Prosseguem depois no folclore das festividades beneméritas e do circo redentor da pátria - a choldra republicana gemina-se na súcia democrática por via, sobretudo, de duas características emblemáticas: o assalto ao tacho "em nome do Povo"; e a marionetice - ingénua ou badalhoca - dos perpetrantes. Os republicanantes querem ser franceses; os democrateiros urgem em ser soviéticos ou franco qualquer coisa. Todos eles execram Portugal e a sua história. Frustrados de não terem nascido nas suas pátrias de adopção, decidem converter nelas a pátria natural.
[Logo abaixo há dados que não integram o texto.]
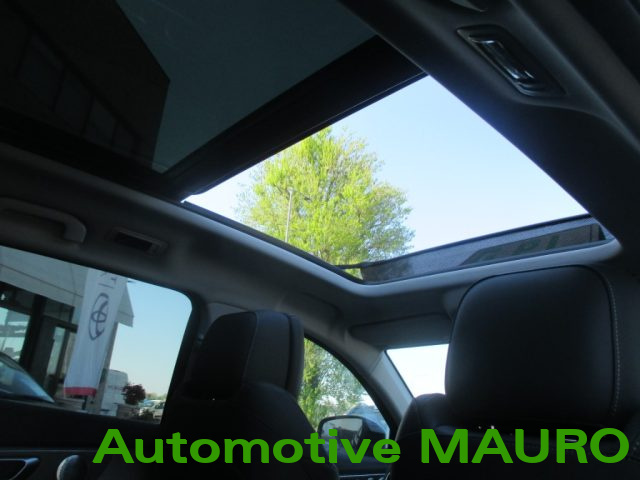 DR MOTOR DR 7.0 usata, con Frenata d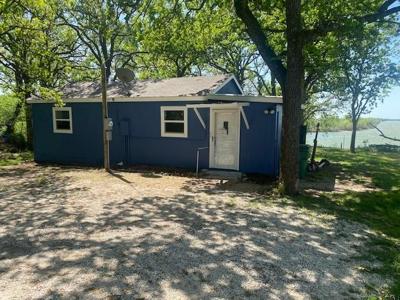 423 Shady Lane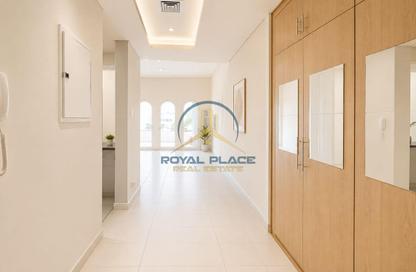 Apartment - Studio - 1 Bathroom for sale in Building 188 - Mogul Cluster - Discovery Gardens - Dubai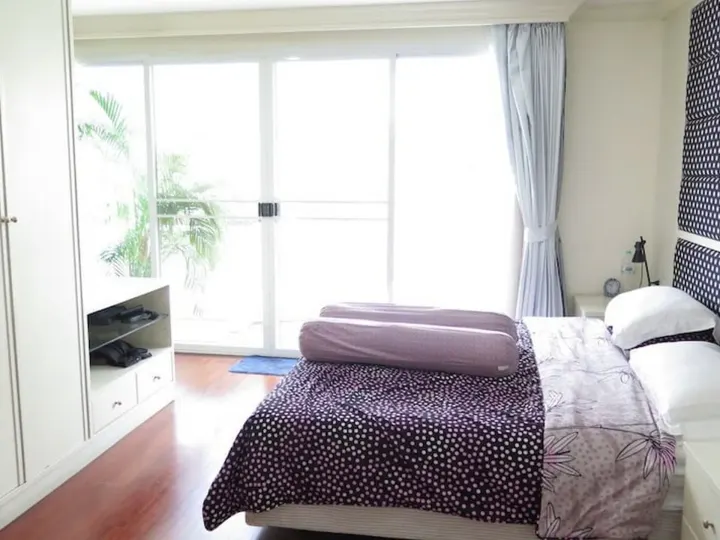 Property photos for SCC Residence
A solução para os problemas de Portugal é, assim e por receita transformá-lo numa França de pacotilha ou numa União Soviética de pechisbeque. Afonso Costa fantasia-se de Micro-Marat ou Robespierrezinho de trazer por causa; Santo Álvaro Cunhal imagina-se um Stalinezinho Zézusco omnipronto a sanar o partido a clisteres e purgas suaves.
E culminam, finalmente, os ditos paralelismos, nos resultados fatais e finais: a bandalheira instaurada, a corrupção exorbitante, a liquidação febril do país e a comsumpção galopante da sua independência.
Todavia, não me parece honesto, com base estrita nas peregrinações destes crápulas, fazer de conta que o que estava antes era um mar de virtudes. Dizer que o que estava antes era absolutamente bom não difere muito do dizer que o que estava antes era absolutamente mau. É uma retórica equivalente. Patinamos no mesmo tipo de propaganda e já vimos -aliás, temos a desprazer de experimentar ainda actualmente - onde essa prosápia adolescente conduz.
O facto é que a monarquia pós-Restauração teve trezentos anos para evitar o regicídio e o 5 de Outubro; assim como o Estado Novo dispôs de quase cinquenta para obviar à Abrilagem. Se, ao cabo de trezentos anos de monarquia, o resultado é a implantação da república, alguma coisa correu mal - e não se trata apenas de flatos e outras ventosidades históricas bufadas do exterior. Do mesmo modo, se ao fim de quarenta e oito anos de ordem nacionalista o corolário é o 25 de Abril, algo, nitidamente, deu para o torto. E não foi certamente numa noite. Atente-se que mais sintomático que o acto de derrube dum determinado regime foi a não defesa por praticamente ninguém desse regime.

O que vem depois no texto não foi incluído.